Just a year after, we moved to Lee, and this anxious boy found friends, and confidence, and a rebellious streak against my parents. All of their kids left the church, but Frank fought them the hardest. He’d constantly argue with my mother over her Catholicism. Which isn’t to say he didn’t love her – he did. But, as I said, he was angry and had a lot of unresolved issues from the deaths and sudden move across the country.

In Lee, he was a backyard wrestler with his friends. He was the kind of person who, if you beat him at a video game, would demand you play him again until he won. He was an A+ student with a whole lot of morals and a strong sense of self, and a strong sense of pride – the kind of pride that had him challenge a whole team of people to a fight, when he’d never actually been in a proper fight.

We moved to Folsom when he was just starting his Senior year of high school. And it tore him apart, but despite knowing no one when we moved there, he became the pep rally coordinator and the Prom King all within a year. People loved him, to the point that I was called Little Frank or Frank’s Brother my whole time there (I’m his younger brother – I was a Freshman when he was a senior).

He went to CSU Sacramento, and studied Creative Literature while running a radio talk show called Beans & Rice.

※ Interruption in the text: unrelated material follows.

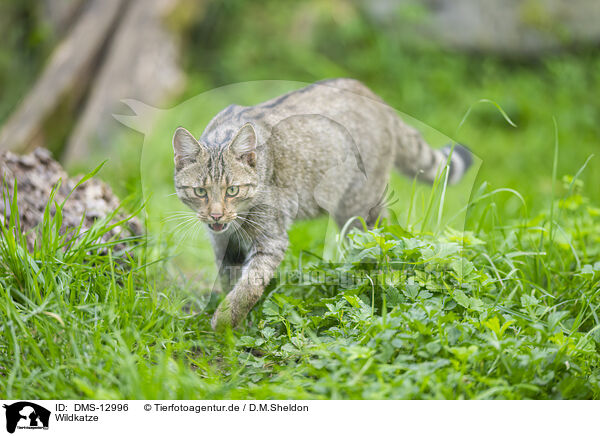 Wildkatze / wildcat / DMS-12996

He excelled, found a mentor in a professor named Doug Rice, and it was about that time or shortly after that he joined a local coffee shop called Naked Coffee.

Everyone. Not just a few people, but Everyone who met him loved him. He was a barista, then a manager, then ran a bar under the same owner, then became the person who sold coffee to other businesses around the Sacramento area. He’d go into businesses (like restaurants) and not just sell them coffee, but educate them on how to run their business. He’d go in on his spare time and help put up drywall, or paint, or just check in on the owners to make sure they were okay (especially if they were a new/startup business).

The first person he loved, and the first person he had as a partner, was Krista. This happened only a year before he passed away, but they’d known each other for several years (and it’d always been just the wrong time for them to be together). She felt she was too broken, he was far too focused on work at the time, before they became lovers.

She asked him. And he said yes. They’d been talking about marriage for some time before he died in a car crash – an accident caused by an impatient driver.

That is the most succinct story I can tell of my brother’s life.